Written by Matthew Goldstein
In early November, Adrian Butkus, a 43-year-old father of two, put $600,000 — much of his life savings — into an account at BlockFi, a cryptocurrency trading firm. BlockFi had marketed the account as risk-free, yielding 6.5% interest, more than Butkus could get anywhere else.
Just days later, as the collapse of cryptocurrency exchange FTX shook the entire crypto industry, Butkus asked BlockFi for his money back. But the firm had suspended customer withdrawals, citing its close financial ties to FTX. By late November, BlockFi, too, had filed for bankruptcy.

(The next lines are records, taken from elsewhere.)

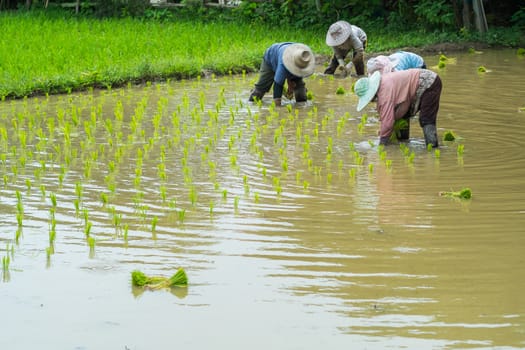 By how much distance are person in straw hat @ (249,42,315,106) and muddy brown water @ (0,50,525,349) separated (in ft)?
2.44

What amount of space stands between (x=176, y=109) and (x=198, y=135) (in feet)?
5.78

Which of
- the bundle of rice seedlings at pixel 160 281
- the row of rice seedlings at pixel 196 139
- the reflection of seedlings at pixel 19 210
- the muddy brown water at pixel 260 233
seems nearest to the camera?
the muddy brown water at pixel 260 233

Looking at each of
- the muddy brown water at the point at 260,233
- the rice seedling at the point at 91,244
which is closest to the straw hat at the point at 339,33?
the muddy brown water at the point at 260,233

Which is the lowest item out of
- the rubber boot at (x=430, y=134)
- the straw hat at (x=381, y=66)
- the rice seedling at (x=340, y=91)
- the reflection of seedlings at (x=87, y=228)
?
the reflection of seedlings at (x=87, y=228)

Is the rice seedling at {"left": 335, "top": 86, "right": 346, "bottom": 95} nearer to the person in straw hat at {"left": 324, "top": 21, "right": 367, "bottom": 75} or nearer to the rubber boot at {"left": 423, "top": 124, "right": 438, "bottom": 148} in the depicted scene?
the person in straw hat at {"left": 324, "top": 21, "right": 367, "bottom": 75}

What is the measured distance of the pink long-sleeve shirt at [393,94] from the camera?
307 inches

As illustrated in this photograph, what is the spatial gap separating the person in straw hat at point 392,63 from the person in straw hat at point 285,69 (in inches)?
57.5

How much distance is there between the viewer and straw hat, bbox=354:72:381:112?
7.78 meters

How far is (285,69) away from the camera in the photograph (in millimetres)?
10141

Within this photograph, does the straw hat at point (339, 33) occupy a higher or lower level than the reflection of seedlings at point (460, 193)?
higher

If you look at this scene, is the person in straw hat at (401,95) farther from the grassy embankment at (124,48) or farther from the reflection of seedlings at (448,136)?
the grassy embankment at (124,48)

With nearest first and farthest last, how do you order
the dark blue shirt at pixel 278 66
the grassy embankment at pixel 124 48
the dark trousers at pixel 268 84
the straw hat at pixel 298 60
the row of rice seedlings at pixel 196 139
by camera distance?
the row of rice seedlings at pixel 196 139, the straw hat at pixel 298 60, the dark blue shirt at pixel 278 66, the dark trousers at pixel 268 84, the grassy embankment at pixel 124 48

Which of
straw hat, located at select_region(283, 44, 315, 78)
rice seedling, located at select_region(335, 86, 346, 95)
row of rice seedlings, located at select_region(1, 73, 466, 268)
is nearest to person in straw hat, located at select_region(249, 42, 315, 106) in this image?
straw hat, located at select_region(283, 44, 315, 78)

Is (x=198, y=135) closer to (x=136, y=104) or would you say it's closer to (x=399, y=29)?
(x=136, y=104) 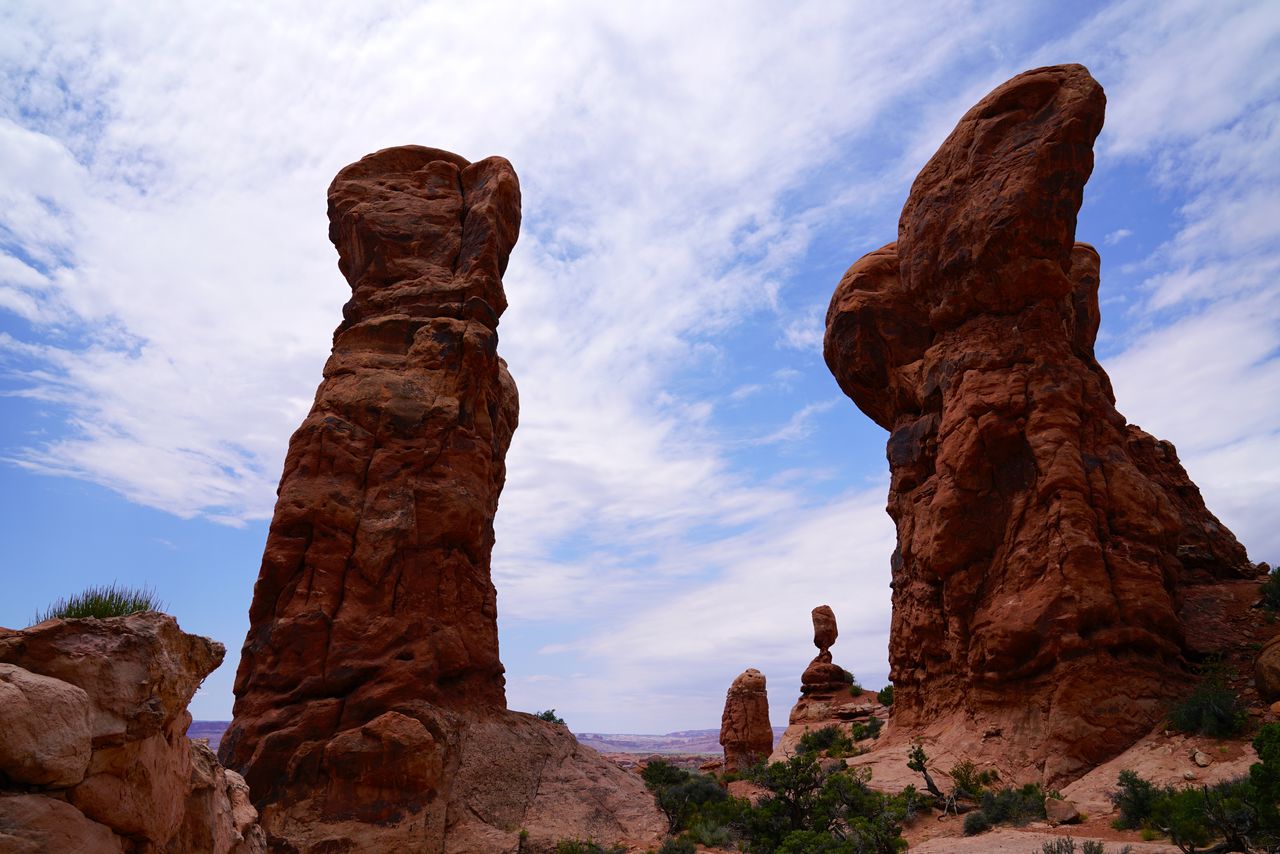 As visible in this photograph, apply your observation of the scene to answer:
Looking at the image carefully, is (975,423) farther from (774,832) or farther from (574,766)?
(574,766)

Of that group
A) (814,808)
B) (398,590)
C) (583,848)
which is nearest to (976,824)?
(814,808)

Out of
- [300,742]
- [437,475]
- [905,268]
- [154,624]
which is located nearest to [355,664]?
[300,742]

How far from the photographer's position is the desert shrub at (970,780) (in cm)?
1822

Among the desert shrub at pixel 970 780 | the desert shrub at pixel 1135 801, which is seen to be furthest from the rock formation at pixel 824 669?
the desert shrub at pixel 1135 801

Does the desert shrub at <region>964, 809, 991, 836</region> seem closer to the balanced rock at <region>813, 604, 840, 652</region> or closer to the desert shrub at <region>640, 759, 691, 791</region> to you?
the desert shrub at <region>640, 759, 691, 791</region>

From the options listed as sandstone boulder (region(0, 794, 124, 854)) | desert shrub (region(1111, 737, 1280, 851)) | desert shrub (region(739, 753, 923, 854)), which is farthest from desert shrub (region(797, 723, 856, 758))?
sandstone boulder (region(0, 794, 124, 854))

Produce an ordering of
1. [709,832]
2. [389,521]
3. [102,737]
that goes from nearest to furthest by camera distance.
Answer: [102,737]
[709,832]
[389,521]

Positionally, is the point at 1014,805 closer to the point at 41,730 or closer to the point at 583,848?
the point at 583,848

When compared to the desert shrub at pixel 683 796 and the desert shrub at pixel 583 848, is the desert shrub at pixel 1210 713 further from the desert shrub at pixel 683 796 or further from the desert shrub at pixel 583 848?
the desert shrub at pixel 583 848

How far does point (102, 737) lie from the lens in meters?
5.83

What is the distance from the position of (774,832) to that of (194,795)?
13.9 m

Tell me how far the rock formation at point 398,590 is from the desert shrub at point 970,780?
23.6 ft

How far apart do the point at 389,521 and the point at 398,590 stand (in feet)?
5.64

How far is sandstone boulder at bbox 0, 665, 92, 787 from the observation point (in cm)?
495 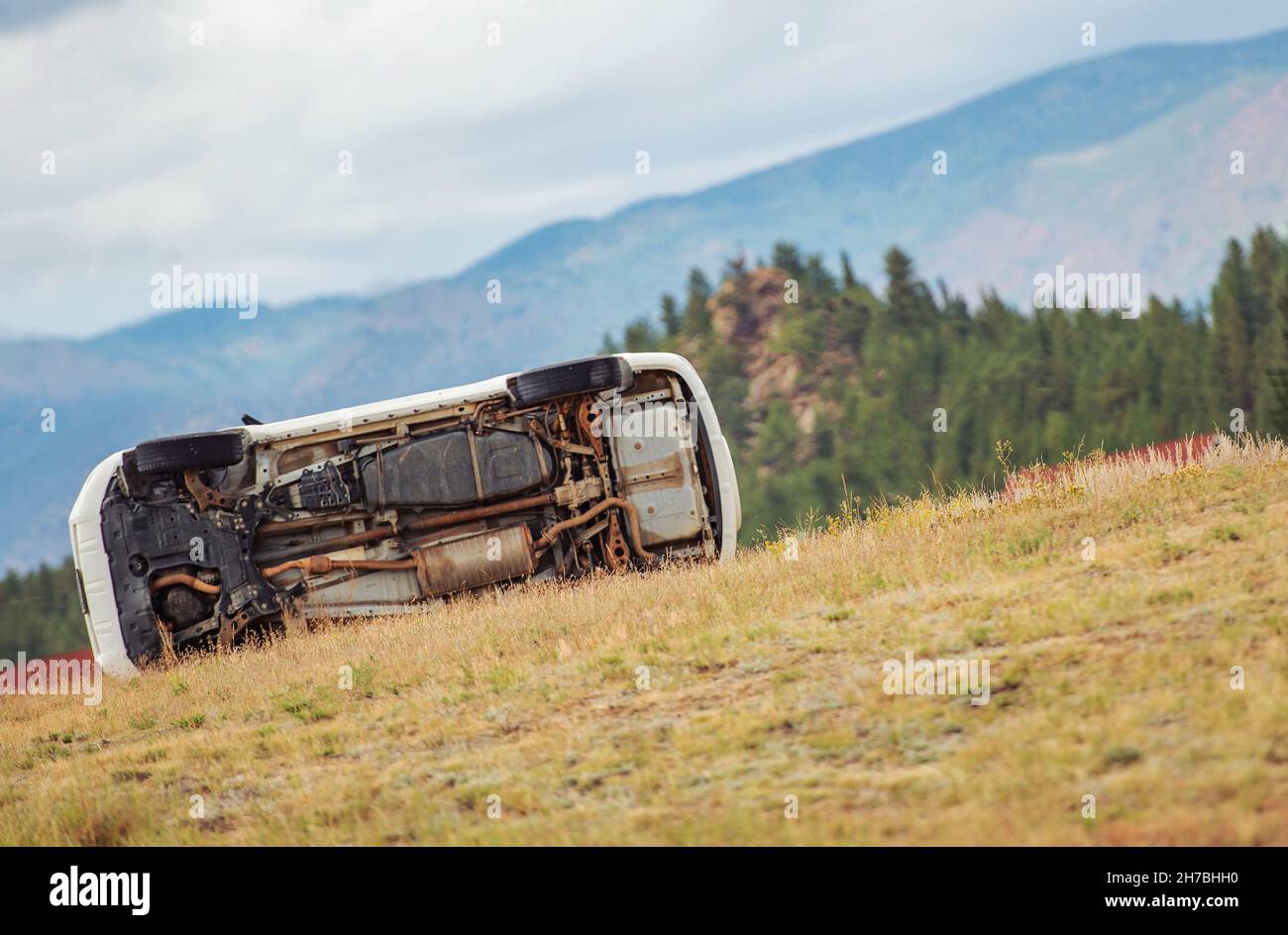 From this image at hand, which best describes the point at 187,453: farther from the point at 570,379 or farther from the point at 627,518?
the point at 627,518

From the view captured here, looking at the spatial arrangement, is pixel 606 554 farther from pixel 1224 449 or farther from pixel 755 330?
pixel 755 330

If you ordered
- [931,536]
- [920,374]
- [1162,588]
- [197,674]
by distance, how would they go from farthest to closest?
[920,374] < [197,674] < [931,536] < [1162,588]

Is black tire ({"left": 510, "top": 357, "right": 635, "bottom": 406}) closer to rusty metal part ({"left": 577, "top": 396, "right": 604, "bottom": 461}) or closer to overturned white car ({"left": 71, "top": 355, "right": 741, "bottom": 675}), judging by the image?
overturned white car ({"left": 71, "top": 355, "right": 741, "bottom": 675})

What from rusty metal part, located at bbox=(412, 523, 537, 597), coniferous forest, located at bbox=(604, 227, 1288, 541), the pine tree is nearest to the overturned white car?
rusty metal part, located at bbox=(412, 523, 537, 597)

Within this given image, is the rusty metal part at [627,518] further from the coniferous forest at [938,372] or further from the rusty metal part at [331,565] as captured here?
the coniferous forest at [938,372]

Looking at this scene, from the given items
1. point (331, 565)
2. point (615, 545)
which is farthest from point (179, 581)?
point (615, 545)

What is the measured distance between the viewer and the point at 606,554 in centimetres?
1238

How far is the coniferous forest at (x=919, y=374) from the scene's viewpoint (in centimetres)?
9056

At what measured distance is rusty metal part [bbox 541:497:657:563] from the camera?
40.4ft

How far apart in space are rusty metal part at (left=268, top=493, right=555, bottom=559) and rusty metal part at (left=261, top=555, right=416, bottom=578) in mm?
127

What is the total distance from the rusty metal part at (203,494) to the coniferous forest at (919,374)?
6574 centimetres

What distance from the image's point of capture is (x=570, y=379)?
1221 cm

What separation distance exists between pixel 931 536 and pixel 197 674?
6131 mm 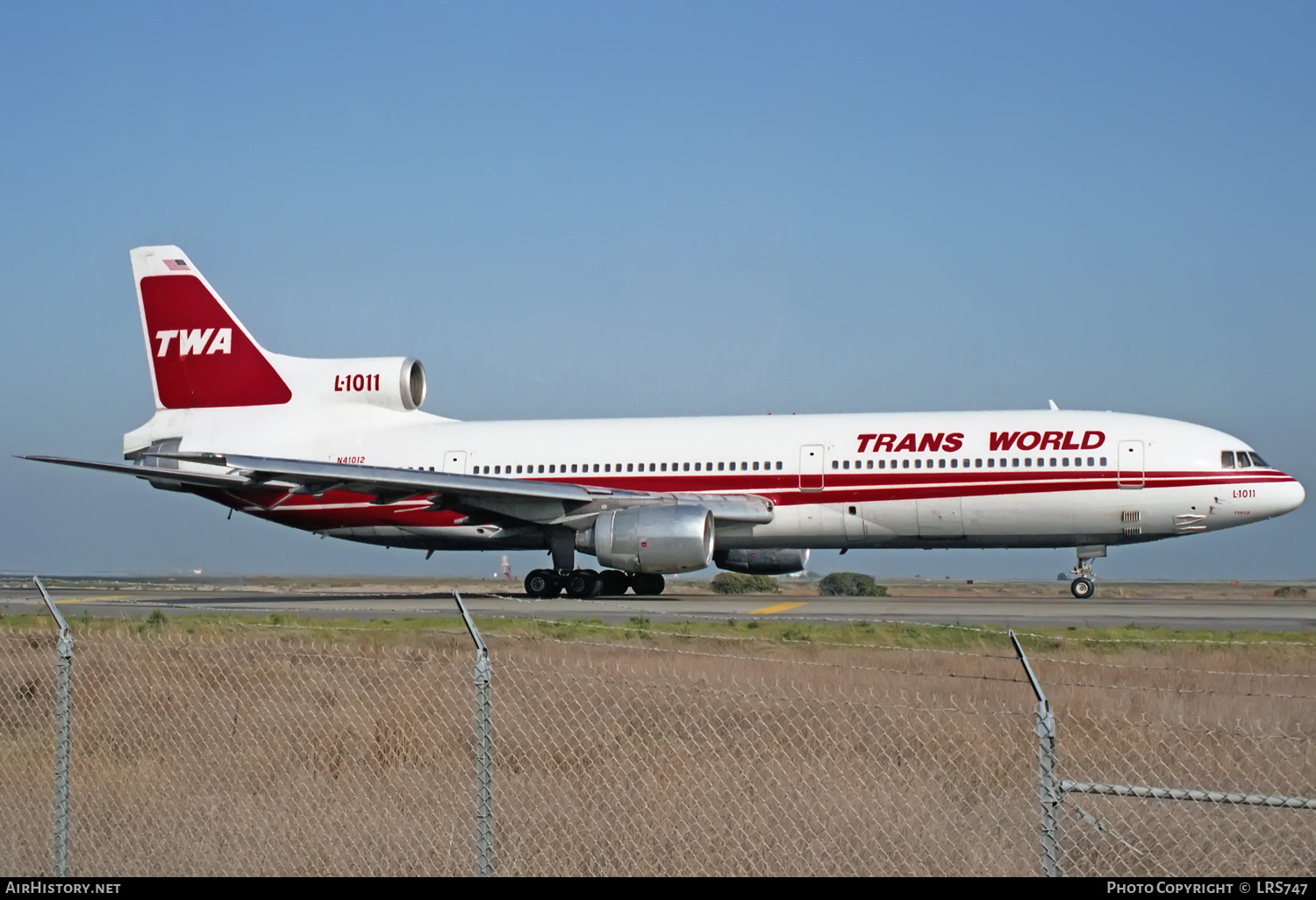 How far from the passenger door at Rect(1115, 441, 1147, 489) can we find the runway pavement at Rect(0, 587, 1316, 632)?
7.88 feet

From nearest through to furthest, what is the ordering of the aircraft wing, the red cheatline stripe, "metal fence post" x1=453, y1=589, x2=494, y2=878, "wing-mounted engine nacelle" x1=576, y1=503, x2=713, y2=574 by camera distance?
"metal fence post" x1=453, y1=589, x2=494, y2=878, "wing-mounted engine nacelle" x1=576, y1=503, x2=713, y2=574, the red cheatline stripe, the aircraft wing

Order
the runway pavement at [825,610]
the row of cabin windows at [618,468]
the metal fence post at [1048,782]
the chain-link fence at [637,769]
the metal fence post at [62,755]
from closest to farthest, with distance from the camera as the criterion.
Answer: the metal fence post at [1048,782]
the metal fence post at [62,755]
the chain-link fence at [637,769]
the runway pavement at [825,610]
the row of cabin windows at [618,468]

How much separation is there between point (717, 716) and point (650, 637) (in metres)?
5.30

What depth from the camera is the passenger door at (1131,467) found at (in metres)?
27.5

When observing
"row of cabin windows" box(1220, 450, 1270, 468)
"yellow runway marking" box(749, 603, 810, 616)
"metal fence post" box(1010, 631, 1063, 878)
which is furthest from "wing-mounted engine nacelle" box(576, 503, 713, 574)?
"metal fence post" box(1010, 631, 1063, 878)

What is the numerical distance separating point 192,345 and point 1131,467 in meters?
22.7

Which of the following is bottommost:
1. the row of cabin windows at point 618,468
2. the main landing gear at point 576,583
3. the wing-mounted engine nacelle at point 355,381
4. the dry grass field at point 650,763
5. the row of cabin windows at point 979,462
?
the main landing gear at point 576,583

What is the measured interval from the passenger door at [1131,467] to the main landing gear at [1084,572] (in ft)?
6.00

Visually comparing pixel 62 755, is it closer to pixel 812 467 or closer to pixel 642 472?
pixel 812 467

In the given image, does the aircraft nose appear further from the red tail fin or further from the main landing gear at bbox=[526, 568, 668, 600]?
the red tail fin

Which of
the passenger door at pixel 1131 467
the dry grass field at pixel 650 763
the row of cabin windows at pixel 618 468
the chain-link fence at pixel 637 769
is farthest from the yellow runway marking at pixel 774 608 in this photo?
the chain-link fence at pixel 637 769

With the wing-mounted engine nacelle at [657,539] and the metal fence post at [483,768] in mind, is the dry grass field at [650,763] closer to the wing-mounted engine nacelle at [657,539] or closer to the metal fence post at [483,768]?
the metal fence post at [483,768]

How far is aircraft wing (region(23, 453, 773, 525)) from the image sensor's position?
2870cm

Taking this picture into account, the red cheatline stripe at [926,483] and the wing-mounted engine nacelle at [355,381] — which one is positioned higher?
the wing-mounted engine nacelle at [355,381] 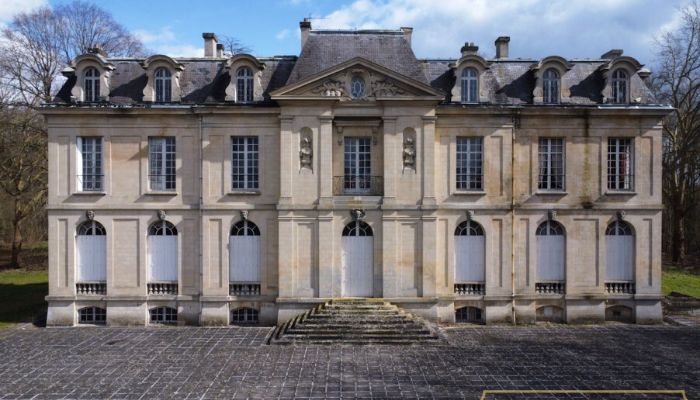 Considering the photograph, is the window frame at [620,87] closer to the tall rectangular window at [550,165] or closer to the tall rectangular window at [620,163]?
the tall rectangular window at [620,163]

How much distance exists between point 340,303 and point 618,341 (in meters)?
9.25

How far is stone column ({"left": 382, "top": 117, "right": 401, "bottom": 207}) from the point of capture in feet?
62.0

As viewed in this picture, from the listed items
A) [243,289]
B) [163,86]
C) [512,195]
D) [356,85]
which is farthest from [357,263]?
[163,86]

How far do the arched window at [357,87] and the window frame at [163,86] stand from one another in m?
6.88

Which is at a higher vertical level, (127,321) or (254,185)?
(254,185)

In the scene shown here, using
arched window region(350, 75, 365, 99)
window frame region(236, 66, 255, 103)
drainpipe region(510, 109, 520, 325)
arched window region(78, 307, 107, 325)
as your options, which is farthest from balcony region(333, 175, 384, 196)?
arched window region(78, 307, 107, 325)

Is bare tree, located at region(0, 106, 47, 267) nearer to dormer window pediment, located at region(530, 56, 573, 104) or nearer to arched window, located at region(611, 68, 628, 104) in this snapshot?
dormer window pediment, located at region(530, 56, 573, 104)

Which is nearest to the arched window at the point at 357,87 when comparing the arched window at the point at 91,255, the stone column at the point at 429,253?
the stone column at the point at 429,253

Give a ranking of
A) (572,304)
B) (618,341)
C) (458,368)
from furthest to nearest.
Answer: (572,304) < (618,341) < (458,368)

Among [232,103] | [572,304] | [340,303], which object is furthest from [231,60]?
[572,304]

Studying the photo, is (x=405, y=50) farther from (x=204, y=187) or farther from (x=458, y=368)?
(x=458, y=368)

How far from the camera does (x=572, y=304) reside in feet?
64.0

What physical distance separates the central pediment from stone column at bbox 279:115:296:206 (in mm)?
974

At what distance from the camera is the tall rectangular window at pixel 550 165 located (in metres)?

Butkus doesn’t know when — or if — he will see his money again. He is one of millions of individual investors around the world who poured money into digital assets, believing the cryptocurrency industry was a stable financial system. They were cleareyed about the volatility and big price swings of bitcoin and other cryptocurrencies. But what has come as a big surprise to many is that the firms where they deposited their money lacked the basic protections offered by a brokerage or a bank.
As companies such as FTX took on the marketing tactics and girth of mainstream financial firms, their customers came to believe they were safe places to deposit cash in exchange for cryptocurrency. The fact that big-name venture capital and other funds backed some of these companies only added to their allure.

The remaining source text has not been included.